* Problem to work on: Restate the material verbatim, every line included.

* Data provided:
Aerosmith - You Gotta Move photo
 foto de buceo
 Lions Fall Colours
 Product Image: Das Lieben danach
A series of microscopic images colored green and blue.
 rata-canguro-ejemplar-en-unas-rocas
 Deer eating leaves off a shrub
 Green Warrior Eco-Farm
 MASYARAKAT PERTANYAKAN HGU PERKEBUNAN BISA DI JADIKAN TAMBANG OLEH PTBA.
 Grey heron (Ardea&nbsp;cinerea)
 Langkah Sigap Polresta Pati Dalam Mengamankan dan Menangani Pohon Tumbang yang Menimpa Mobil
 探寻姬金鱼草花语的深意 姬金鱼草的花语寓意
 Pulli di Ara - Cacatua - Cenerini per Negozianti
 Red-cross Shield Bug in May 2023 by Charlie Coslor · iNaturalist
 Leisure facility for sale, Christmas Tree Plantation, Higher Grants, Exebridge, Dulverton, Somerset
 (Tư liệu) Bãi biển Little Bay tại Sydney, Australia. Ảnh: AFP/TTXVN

* Result for this exercise:
Aerosmith - You Gotta Move photo
 foto de buceo
 Lions Fall Colours
 Product Image: Das Lieben danach
A series of microscopic images colored green and blue.
 rata-canguro-ejemplar-en-unas-rocas
 Deer eating leaves off a shrub
 Green Warrior Eco-Farm
 MASYARAKAT PERTANYAKAN HGU PERKEBUNAN BISA DI JADIKAN TAMBANG OLEH PTBA.
 Grey heron (Ardea&nbsp;cinerea)
 Langkah Sigap Polresta Pati Dalam Mengamankan dan Menangani Pohon Tumbang yang Menimpa Mobil
 探寻姬金鱼草花语的深意 姬金鱼草的花语寓意
 Pulli di Ara - Cacatua - Cenerini per Negozianti
 Red-cross Shield Bug in May 2023 by Charlie Coslor · iNaturalist
 Leisure facility for sale, Christmas Tree Plantation, Higher Grants, Exebridge, Dulverton, Somerset
 (Tư liệu) Bãi biển Little Bay tại Sydney, Australia. Ảnh: AFP/TTXVN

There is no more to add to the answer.